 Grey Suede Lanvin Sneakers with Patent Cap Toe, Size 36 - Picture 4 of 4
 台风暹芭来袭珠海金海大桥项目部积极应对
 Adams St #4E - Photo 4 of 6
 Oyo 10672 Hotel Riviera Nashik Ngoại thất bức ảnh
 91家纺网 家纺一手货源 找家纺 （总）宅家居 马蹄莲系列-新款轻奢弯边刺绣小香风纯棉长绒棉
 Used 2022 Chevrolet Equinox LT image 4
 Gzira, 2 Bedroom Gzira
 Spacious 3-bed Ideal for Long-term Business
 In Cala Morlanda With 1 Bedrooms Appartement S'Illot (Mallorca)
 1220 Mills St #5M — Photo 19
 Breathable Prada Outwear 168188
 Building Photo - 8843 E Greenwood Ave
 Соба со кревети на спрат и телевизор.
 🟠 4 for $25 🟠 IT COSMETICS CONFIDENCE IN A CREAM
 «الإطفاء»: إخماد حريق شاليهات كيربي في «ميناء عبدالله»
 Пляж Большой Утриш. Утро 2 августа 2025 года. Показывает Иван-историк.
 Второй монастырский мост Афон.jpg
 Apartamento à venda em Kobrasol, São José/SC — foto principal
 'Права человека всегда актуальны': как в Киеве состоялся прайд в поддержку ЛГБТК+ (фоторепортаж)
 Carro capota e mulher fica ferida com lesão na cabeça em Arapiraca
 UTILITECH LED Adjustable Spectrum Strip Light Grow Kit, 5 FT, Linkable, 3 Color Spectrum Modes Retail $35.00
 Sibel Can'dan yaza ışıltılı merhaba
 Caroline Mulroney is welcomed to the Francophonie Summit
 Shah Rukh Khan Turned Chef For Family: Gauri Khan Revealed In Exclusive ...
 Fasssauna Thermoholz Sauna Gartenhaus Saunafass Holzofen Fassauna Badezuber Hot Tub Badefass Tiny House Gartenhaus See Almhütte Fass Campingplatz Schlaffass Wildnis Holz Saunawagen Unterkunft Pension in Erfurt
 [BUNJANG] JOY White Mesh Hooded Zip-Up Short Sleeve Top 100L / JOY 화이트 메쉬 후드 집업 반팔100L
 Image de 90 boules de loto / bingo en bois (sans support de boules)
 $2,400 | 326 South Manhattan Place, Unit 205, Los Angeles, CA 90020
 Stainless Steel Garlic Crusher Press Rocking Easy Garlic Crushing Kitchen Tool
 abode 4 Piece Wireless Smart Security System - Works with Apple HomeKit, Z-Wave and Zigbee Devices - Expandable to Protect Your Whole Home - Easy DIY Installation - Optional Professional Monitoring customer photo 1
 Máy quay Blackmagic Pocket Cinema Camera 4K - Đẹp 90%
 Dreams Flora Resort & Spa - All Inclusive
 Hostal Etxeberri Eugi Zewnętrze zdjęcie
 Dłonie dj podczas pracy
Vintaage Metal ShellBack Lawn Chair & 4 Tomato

################

• What you need to do
The reply is to be an exact copy of the listing.

• Solution to this task
 Grey Suede Lanvin Sneakers with Patent Cap Toe, Size 36 - Picture 4 of 4
 台风暹芭来袭珠海金海大桥项目部积极应对
 Adams St #4E - Photo 4 of 6
 Oyo 10672 Hotel Riviera Nashik Ngoại thất bức ảnh
 91家纺网 家纺一手货源 找家纺 （总）宅家居 马蹄莲系列-新款轻奢弯边刺绣小香风纯棉长绒棉
 Used 2022 Chevrolet Equinox LT image 4
 Gzira, 2 Bedroom Gzira
 Spacious 3-bed Ideal for Long-term Business
 In Cala Morlanda With 1 Bedrooms Appartement S'Illot (Mallorca)
 1220 Mills St #5M — Photo 19
 Breathable Prada Outwear 168188
 Building Photo - 8843 E Greenwood Ave
 Соба со кревети на спрат и телевизор.
 🟠 4 for $25 🟠 IT COSMETICS CONFIDENCE IN A CREAM
 «الإطفاء»: إخماد حريق شاليهات كيربي في «ميناء عبدالله»
 Пляж Большой Утриш. Утро 2 августа 2025 года. Показывает Иван-историк.
 Второй монастырский мост Афон.jpg
 Apartamento à venda em Kobrasol, São José/SC — foto principal
 'Права человека всегда актуальны': как в Киеве состоялся прайд в поддержку ЛГБТК+ (фоторепортаж)
 Carro capota e mulher fica ferida com lesão na cabeça em Arapiraca
 UTILITECH LED Adjustable Spectrum Strip Light Grow Kit, 5 FT, Linkable, 3 Color Spectrum Modes Retail $35.00
 Sibel Can'dan yaza ışıltılı merhaba
 Caroline Mulroney is welcomed to the Francophonie Summit
 Shah Rukh Khan Turned Chef For Family: Gauri Khan Revealed In Exclusive ...
 Fasssauna Thermoholz Sauna Gartenhaus Saunafass Holzofen Fassauna Badezuber Hot Tub Badefass Tiny House Gartenhaus See Almhütte Fass Campingplatz Schlaffass Wildnis Holz Saunawagen Unterkunft Pension in Erfurt
 [BUNJANG] JOY White Mesh Hooded Zip-Up Short Sleeve Top 100L / JOY 화이트 메쉬 후드 집업 반팔100L
 Image de 90 boules de loto / bingo en bois (sans support de boules)
 $2,400 | 326 South Manhattan Place, Unit 205, Los Angeles, CA 90020
 Stainless Steel Garlic Crusher Press Rocking Easy Garlic Crushing Kitchen Tool
 abode 4 Piece Wireless Smart Security System - Works with Apple HomeKit, Z-Wave and Zigbee Devices - Expandable to Protect Your Whole Home - Easy DIY Installation - Optional Professional Monitoring customer photo 1
 Máy quay Blackmagic Pocket Cinema Camera 4K - Đẹp 90%
 Dreams Flora Resort & Spa - All Inclusive
 Hostal Etxeberri Eugi Zewnętrze zdjęcie
 Dłonie dj podczas pracy
Vintaage Metal ShellBack Lawn Chair & 4 Tomato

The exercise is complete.